GDAL 2.0.0 should be released soon (RC2 available), but the development version (2.1.0dev) has already received interesting improvements, especially for massive pixel crunchers.
The lossless DEFLATE compression scheme is notoriously known to be rather slow on the compression side. For example, converting with gdal_translate a 21600x21600 pixels RGB BMNG tile into a DEFLATE compressed GeoTIFF takes 44s on a Core i5 750 with the default setting. Using low values of the ZLEVEL creation option, that controls the speed vs compresssion ratio, makes things a bit faster :
- ZLEVEL=1, 1 thread: 26s, 486 MB
- ZLEVEL=6(default), 1 thread: 44s, 440 MB
With the development version, you can now use the NUM_THREADS creation option, whose value must be an integer number or ALL_CPUS to make all your cores busy. New results:
ZLEVEL=1, 4 threads: 12s, 486 MB- ZLEVEL=6, 4 threads: 16s, 440 MB
Using horizontal differencing prediction (PREDICTOR=2) leads to further compression gains (generally, but that depends on the nature of data) with a compression time slightly greater (almost unchanged at ZLEVEL=1, but noticeably slower at ZLEVEL=6) :
- ZLEVEL=1, PREDICTOR=2, 1 thread : 25 s, 354 MB
- ZLEVEL=1, PREDICTOR=2, 4 threads : 12 s, 354 MB
- ZLEVEL=6, PREDICTOR=2, 1 thread : 1m 5s, 301 MB
- ZLEVEL=6, PREDICTOR=2, 4 threads : 22 s, 301 MB
Multi-threaded compression has been implemeneted for DEFLATE, LZW, PACKBITS and LZMA compression schemes. JPEG could potentially be added as well, but probably with little benefits since it is already a very fast compression method, especially with libjpeg-turbo (10 s on above example, single-threaded).

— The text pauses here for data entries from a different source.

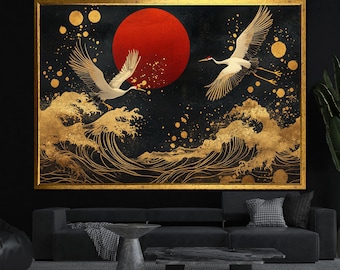日本の鶴のキャンバス絵画、金色の波の壁アート、赤い太陽の東洋の装飾、自宅やオフィスへのエレガントな禅のギフト
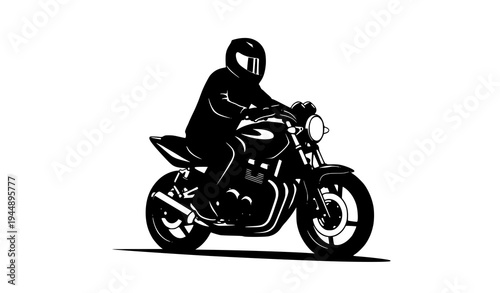 Motorcycle rider silhouette vector illustration with biker riding motorbike isolated on transparent background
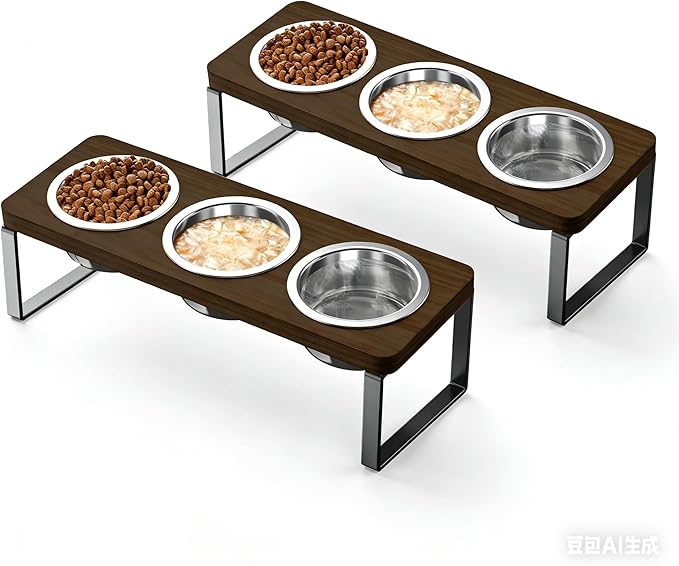 2 Pack Elevated Cat Bowls with 3 Stainless Steel Bowls | 10° Tilted Anti-Vomiting Raised Cat Food Bowl for Small Cats and Puppies Pet Bowl with Stand
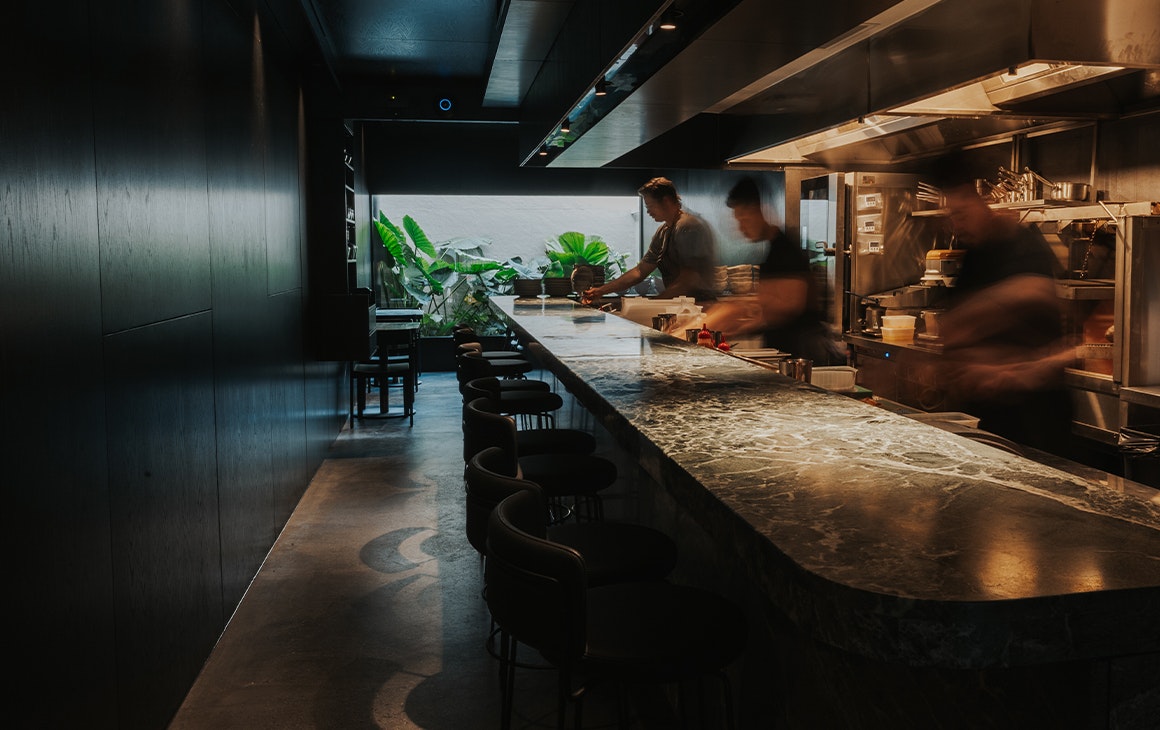 bar and interior of essa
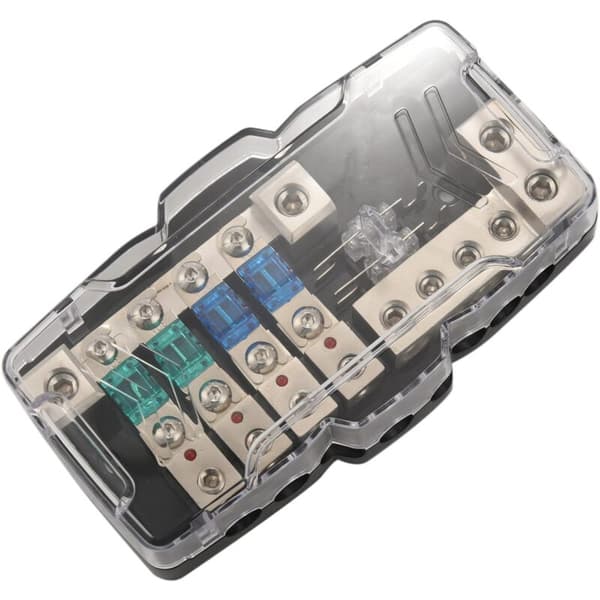Multifunksjonell bilstereo ANL sikringsholder distribusjon LED 0/4Ga uttak 4-veis sikringsboks 30A 60A 80Amp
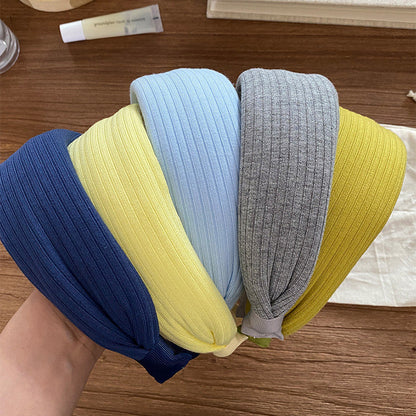 針織寬版復古髮箍－商品主圖｜https://igowo.tw/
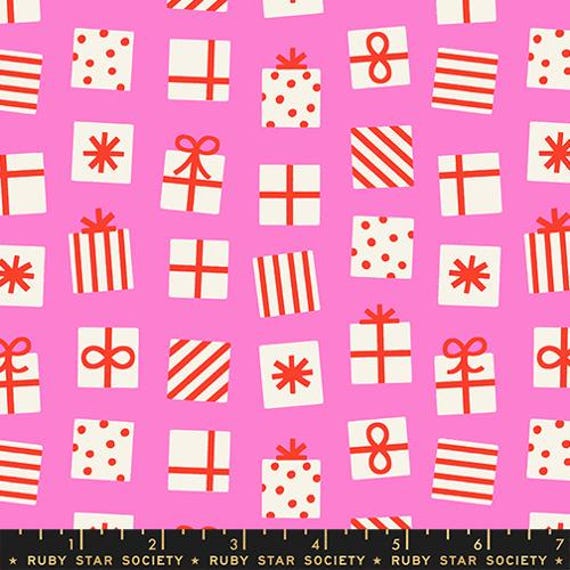 Merry Happy, Presents,  in Lipstick, By Kimberly Kight, RS3100 11, Ruby Star, sold by the yard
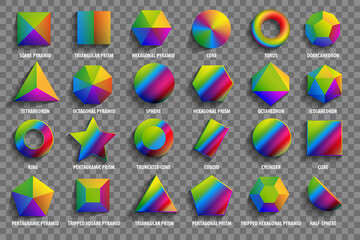 Top view realistic math basic 3d shapes. Three dimensional geometric figures. Geometric shape figure form illustration. The shapes are painted in rainbow colors.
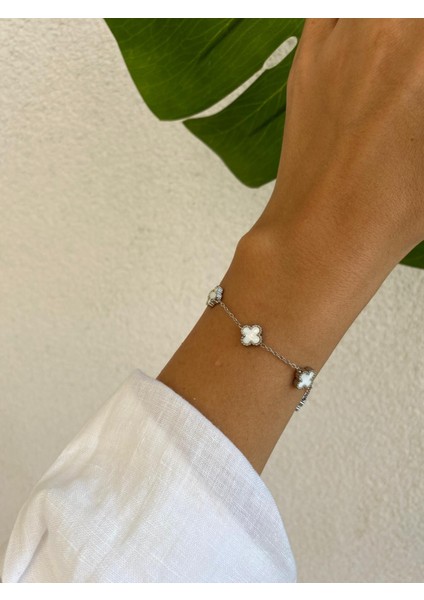Sedef Taşlı Beyaz Silver Çift Yönlü Yonca Van Cleff Mini Çelik Bileklik indirimleri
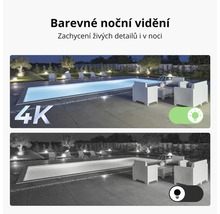 Zobrazení nočního režimu bezpečnostní kamery s barevnými a černobílými snímky bazénu.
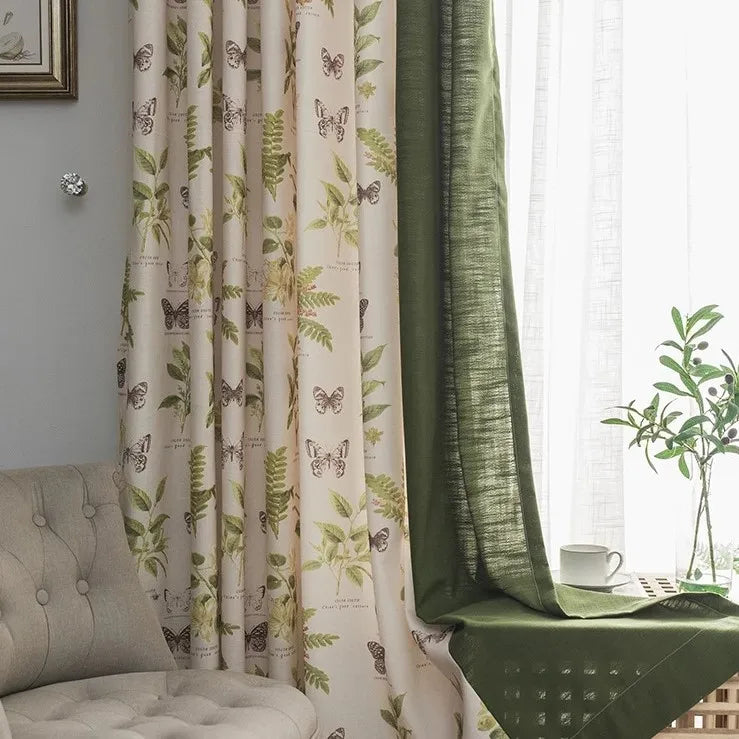 XinLan American Rural Country Printed Cotton Linen Curtains Living Dining Room Bedroom Window Curtains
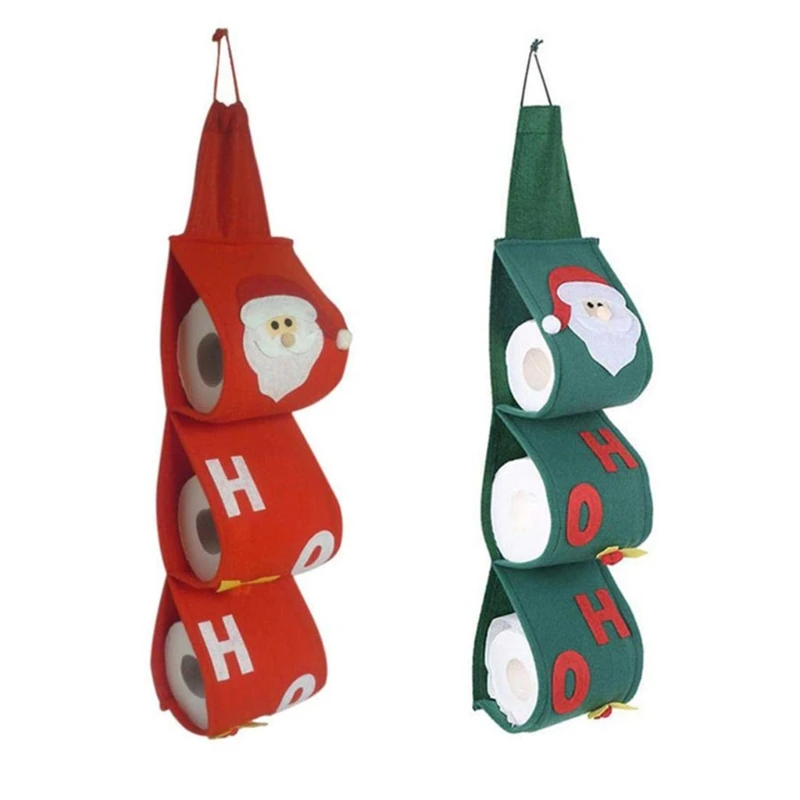 Christmas Toilet Paper Roll Storage Bag Santa Towel Holder Papers 3 Layer for Home Bedroom Bathroom Hanging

Surprisingly, multi-threaded compression is easier to implement than multi-threaded decompression. This is due to the fact that the writing side of gdal_translate does not really care when data actually hits the disk : it pushes pixel blocks to the output driver and let it do what it needs to do with them (of course details are a bit more complicated since GDAL has a block cache that buffers actual writes, the GeoTIFF driver has a one-block cache to deal with pixel-interleaved files, and in some circumstances a driver may need to re-read data it has written). On the reading side, when a block is asked, the pixel values must be returned synchronously. So multi-threaded reading is less obvious and has been left aside for now in the GeoTIFF driver. It could be enabled if a large enough window of pixels is announced to be read (this is actually what is currently implemented in the JPEG2000 OpenJPEG driver when a request crosses several JPEG2000 tiles). When only small windows are requested, a heuristics could be used to recognize the read pattern and start asynchronous decoding of the next likely blocks that will be asked. For example, if the driver realizes that the blocks are asked sequentially from the top to the bottom of the image, it might anticipate that the full image will be eventually read and start spawning tasks to decode the next blocks. We could also imagine to have that as a generic mechanism: in that case a dedicated GDAL dataset would have to be opened for each worker thread so as to avoid messing up with the internal state.
Regarding lossless compression schemes, the LZ4 method might be worth considering as a new method for TIFF. It offers great compression performance and blazingly fast decompression. At the expense of the compression ratio.